Bed Bugs


A bed bug can individually and collectively cause a number of health effects including skin rashes, psychological effects and allergic symptoms. Bed bug bites or cimicosis may lead to a range of skin manifestations from no visible effects to prominent blisters.  Diagnosis involves both finding bed bugs and the occurrence of compatible symptoms. Treatment involves the elimination of the insect but is otherwise symptomatic.

Because infestation of human habitats has been on the increase in developed countries, bed bug bites and related conditions have been on the rise as well, since the 1980s–1990s.
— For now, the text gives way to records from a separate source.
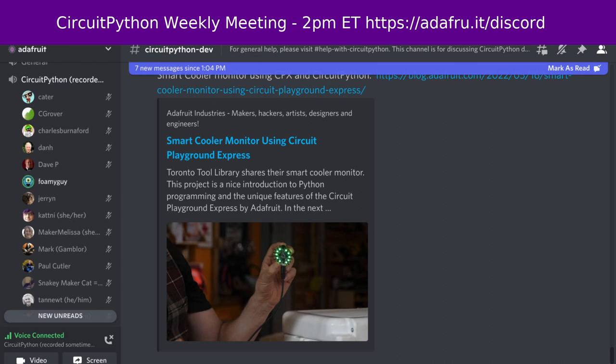Next up is the state of CircuitPython, the libraries and Blinka — a statistical overview of the entire project by the numbers. It gives us a chance to look at the health of the project separate from what we're all working on. We'll talk about the project overall and then separately discuss the core, the libraries, and Blinka. First up will be the overall stats for this week.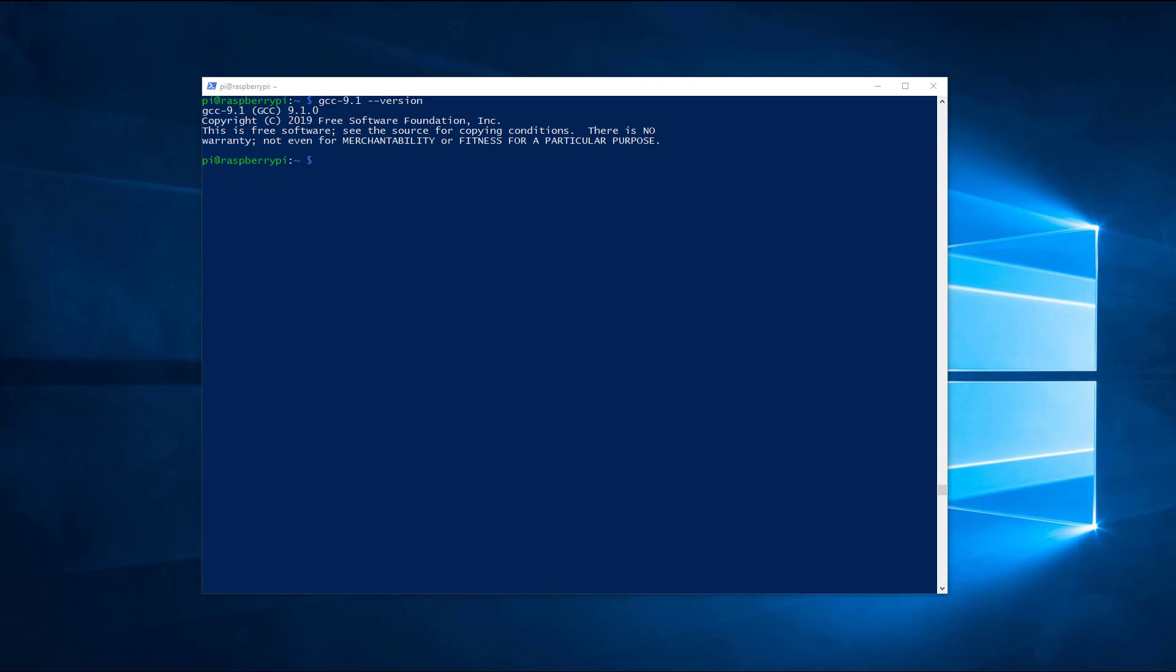So, if you want to use the C++ compiler, you will use G++-9.1.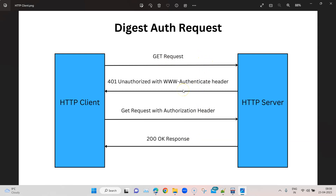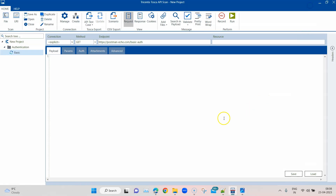So instead of just one request and response, there are two requests and two responses coming back from the server — four in total. That's the key difference between basic authentication and digest authentication. As I said, you will not see any difference on the front end or the HTTP client side, because internally Tosca handles all of this for you.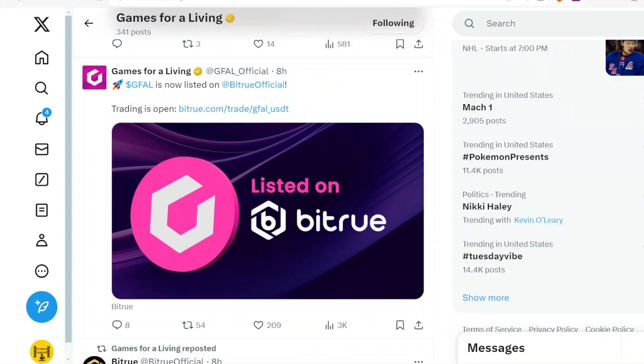What's up everybody, it's your boy Script the Legend bringing you guys another YouTube video on GFAL. I'm very excited for what GFAL has coming out today with the addition of an exchange. For those who are new to GFAL, it is a very successful play-to-earn token-based game.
The exact causes of this resurgence remain unclear; it is variously ascribed to greater foreign travel, more frequent exchange of second-hand furnishings among homes, a greater focus on control of other pests resulting in neglect of bed bug countermeasures, and increasing resistance to pesticides. Bed bugs have been known human parasites for thousands of years.


It is possible for anyone to become infested with bed bugs, which are small biting insects that multiply quickly and travel easily. An infestation can cause anxiety and a feeling of shame. They can also cause secondary infections, allergic reactions and financial hardship.


The Inspector will provide information over the phone about bed bug identification and what is needed to treat the infestation and prevent it from coming back.
If necessary, the Inspector will conduct a site visit (determined on a case by case basis).
The Inspector may contact building management and pest control professionals to ensure proper treatment.
Public Health Inspectors are available to present educational seminars on bed bugs.
In severe infestations, Inspectors may contact external agencies to help get the necessary assistance to properly clean, de-clutter and prepare the unit for treatment.